While studying the codes of ethics from seventeen professional translator associations (e.g. ATA, ATIO, OTTIAQ, ITI, SATI), I came across an article by Andrew Chesterman that explores how professional virtues could apply to the translation profession. That led me to consider how the codes of ethics/codes of professional conduct might shed some light on what virtues an ethical translator requires.
What quickly became clear, though, was that no two professional associations agree upon the set of virtues required by an ethical translator. That’s because no codes endorse the same set of principles and only two principles—confidentiality and competence—were included in all seventeen codes. And, since confidentiality and competence are required of almost any profession in which services are provided to the public, they are not translation-specific traits. But, while there is clearly no single set of virtues professional translators are expected to have, the codes of ethics do show what virtues are typically considered desirable for professional translators.
First, several virtues are considered essential by virtually all seventeen profession-oriented networks: discretion, so that translators do not divulge confidential information, sound judgement, so that translators can effectively determine whether they have enough competence to complete a task well and integrity, so that translators will advise clients when they are not competent enough to accept a project, and will behave as professionals at all times, adopt good subcontracting behaviour and not accept bribes. Likewise, a good number of codes emphasize the virtue of reliability, so that translators complete the projects they have been assigned and do not arbitrarily abandon clients mid-assignment, and cooperativeness so that translators will share their knowledge with colleagues, recommend colleagues for jobs and avoid disloyal competition. Finally, as Chesterman suggests (2001: 147), commitment to the profession is necessary, and seems to be accepted as a basic tenet of all seventeen codes of ethics.
So far, though, these virtues are not specific to the practice of translation: professional accountants and engineers, for instance, are also expected to have similar character traits, according to some of their codes of ethics (e.g. IMA, AICPA, and NSPE).
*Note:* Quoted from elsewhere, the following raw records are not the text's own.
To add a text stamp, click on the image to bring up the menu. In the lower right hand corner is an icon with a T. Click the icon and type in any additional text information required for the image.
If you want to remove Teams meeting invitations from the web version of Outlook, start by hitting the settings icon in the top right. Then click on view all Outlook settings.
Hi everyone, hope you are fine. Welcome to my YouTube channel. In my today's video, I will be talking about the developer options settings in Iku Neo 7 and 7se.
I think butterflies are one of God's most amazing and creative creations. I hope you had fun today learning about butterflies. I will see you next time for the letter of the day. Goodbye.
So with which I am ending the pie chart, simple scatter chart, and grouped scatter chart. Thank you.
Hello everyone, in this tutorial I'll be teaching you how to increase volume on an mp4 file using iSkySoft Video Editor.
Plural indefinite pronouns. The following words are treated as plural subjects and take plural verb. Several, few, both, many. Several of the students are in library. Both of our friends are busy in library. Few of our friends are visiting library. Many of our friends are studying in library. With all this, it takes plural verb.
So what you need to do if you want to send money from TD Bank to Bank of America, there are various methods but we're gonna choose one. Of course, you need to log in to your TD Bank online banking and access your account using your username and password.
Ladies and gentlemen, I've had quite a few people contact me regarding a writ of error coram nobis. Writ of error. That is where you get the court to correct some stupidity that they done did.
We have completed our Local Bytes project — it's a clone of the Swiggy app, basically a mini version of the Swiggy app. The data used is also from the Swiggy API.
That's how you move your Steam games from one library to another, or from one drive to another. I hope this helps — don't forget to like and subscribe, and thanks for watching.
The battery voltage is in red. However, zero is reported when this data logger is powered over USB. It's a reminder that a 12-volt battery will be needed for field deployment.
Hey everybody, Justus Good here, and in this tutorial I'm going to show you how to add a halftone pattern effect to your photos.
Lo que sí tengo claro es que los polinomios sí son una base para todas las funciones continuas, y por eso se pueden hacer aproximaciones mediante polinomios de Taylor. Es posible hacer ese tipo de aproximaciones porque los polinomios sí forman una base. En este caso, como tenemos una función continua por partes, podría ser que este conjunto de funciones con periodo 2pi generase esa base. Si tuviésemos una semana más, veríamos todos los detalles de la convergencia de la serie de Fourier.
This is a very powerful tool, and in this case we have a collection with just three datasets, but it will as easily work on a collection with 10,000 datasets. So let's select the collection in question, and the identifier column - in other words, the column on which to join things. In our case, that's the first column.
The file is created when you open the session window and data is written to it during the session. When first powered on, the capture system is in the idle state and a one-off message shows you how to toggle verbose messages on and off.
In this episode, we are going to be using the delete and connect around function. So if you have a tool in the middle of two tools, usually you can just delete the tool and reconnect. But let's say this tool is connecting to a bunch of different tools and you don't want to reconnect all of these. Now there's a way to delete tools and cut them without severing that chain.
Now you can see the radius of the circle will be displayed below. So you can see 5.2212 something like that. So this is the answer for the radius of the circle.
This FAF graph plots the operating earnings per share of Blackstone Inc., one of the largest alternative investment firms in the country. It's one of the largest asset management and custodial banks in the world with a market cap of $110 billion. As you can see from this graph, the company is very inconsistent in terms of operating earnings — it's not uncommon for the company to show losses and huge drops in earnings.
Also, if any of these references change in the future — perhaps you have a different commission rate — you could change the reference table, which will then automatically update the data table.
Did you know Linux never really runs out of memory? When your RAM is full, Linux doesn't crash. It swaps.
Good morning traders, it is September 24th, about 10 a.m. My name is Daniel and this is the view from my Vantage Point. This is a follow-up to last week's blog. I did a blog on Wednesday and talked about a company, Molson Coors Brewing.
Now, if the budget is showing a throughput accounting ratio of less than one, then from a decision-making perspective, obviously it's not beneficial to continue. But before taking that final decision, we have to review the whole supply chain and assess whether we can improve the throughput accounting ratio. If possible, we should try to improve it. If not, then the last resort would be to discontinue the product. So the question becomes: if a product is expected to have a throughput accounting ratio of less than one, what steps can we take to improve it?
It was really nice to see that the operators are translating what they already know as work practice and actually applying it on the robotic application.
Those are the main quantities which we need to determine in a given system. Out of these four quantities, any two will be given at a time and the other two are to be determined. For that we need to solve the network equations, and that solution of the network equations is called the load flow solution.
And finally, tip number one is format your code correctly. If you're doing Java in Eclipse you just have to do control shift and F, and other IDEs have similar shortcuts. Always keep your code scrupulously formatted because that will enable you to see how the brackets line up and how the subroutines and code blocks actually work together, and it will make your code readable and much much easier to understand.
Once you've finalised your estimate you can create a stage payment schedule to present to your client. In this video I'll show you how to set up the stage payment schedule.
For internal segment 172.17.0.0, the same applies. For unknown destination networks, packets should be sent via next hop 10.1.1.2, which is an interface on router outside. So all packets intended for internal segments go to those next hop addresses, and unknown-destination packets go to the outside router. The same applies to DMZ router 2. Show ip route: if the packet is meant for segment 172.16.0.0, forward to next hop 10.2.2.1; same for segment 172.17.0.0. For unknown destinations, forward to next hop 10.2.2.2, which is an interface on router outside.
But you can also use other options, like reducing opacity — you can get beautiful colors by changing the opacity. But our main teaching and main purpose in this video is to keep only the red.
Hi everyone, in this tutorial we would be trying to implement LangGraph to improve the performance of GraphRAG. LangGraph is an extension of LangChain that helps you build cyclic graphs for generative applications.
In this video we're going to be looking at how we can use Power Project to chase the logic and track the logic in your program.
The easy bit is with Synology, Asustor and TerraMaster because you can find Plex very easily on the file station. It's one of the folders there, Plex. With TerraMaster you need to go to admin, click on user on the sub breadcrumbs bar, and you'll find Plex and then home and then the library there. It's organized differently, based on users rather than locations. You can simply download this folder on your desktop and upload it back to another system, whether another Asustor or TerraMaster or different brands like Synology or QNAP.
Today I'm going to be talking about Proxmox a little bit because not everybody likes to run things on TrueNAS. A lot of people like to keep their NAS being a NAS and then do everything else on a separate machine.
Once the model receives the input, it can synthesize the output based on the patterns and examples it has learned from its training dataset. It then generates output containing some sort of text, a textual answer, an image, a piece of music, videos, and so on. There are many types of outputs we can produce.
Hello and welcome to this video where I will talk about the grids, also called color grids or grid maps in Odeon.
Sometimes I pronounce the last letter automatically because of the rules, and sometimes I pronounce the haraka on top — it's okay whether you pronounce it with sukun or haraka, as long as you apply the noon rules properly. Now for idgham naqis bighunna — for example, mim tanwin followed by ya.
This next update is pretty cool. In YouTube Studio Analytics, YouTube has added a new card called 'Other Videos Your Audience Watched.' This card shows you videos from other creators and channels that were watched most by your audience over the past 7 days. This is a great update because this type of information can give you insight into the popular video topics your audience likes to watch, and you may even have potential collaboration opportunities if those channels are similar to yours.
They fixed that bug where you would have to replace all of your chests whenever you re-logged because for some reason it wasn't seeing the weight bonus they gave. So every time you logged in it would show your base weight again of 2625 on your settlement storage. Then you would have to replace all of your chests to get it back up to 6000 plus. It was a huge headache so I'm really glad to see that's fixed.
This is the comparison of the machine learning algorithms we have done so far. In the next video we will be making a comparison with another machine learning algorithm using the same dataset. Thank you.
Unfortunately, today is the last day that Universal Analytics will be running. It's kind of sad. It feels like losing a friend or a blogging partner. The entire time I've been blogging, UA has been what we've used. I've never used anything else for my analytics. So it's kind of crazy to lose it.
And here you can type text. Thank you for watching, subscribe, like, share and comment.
What’s interesting is that the consensus about virtues begins to dissipate when the codes address ethical principles directly related to translation. In fact, the more closely a character trait is related to translation, the less consensus can be found in the codes of ethics. For instance, do professional, ethical translators require persistence, resourcefulness and carefulness (cf. Pincoffs 1986: 84) or determination (cf. Chesterman 2001: 147) to ensure they accurately convey the ST information? Only twelve of the seventeen codes address the principle of accuracy at all. What about honesty, truthfulness and fairness (cf. Chesterman 2001: 147), virtues required for translators to disclose conflicts of interest and convey information exactly as it was related in the ST? Only seven codes have an impartiality principle, and only six include stipulations about accurately conveying untrue statements, informing clients of ST or TT errors, and not distorting or manipulating the truth. Likewise, with respect to rates, only half the codes include stipulations about working for reasonable rates or for rates that do not fall significantly below those common in the market. Thus, not all profession-oriented networks agree that fairness and reasonableness are virtues required of professional, ethical translators, and none specify that ethical translators should volunteer their services for charities or non-profit organizations, for which character traits such as benevolence, generosity and/or altruism would be necessary. Finally, since so few codes discuss a translator’s ethical obligations with respect to immoral or illegal texts, guidelines are lacking here as well. Do translators need courage to refuse unethical texts? What about empathy for the groups that might be harmed by the texts that will be used for illegal, immoral or dishonest ends?
Clearly, the codes of ethics do not really clarify the question of what virtues a translator should have or should try to acquire if he or she wants to achieve excellence while facilitating cross-cultural communication. Discretion, sound judgement, integrity, reliability, cooperativeness and commitment, character traits endorsed by nearly all seventeen codes, are likely to be required in any profession. Such virtues could be considered essential for translators—at least as far as professional associations are concerned. While the other virtues, namely persistence, resourcefulness, carefulness, determination, honesty, truthfulness, fairness, reasonableness, benevolence, generosity, altruism, courage and empathy are not directly mentioned in all of the codes, they do arise in several. These virtues are probably important then, even if they’re not considered essential by all professional associations.
Chesterman, A. (2001). Proposal for a Hieronymic Oath. The Translator, 7(2), 139-154.
Pincoffs, E. L. (1986). Quandaries and Virtues: Against Reductivism in Ethics. Lawrence, Kansas: University of Kansas Press.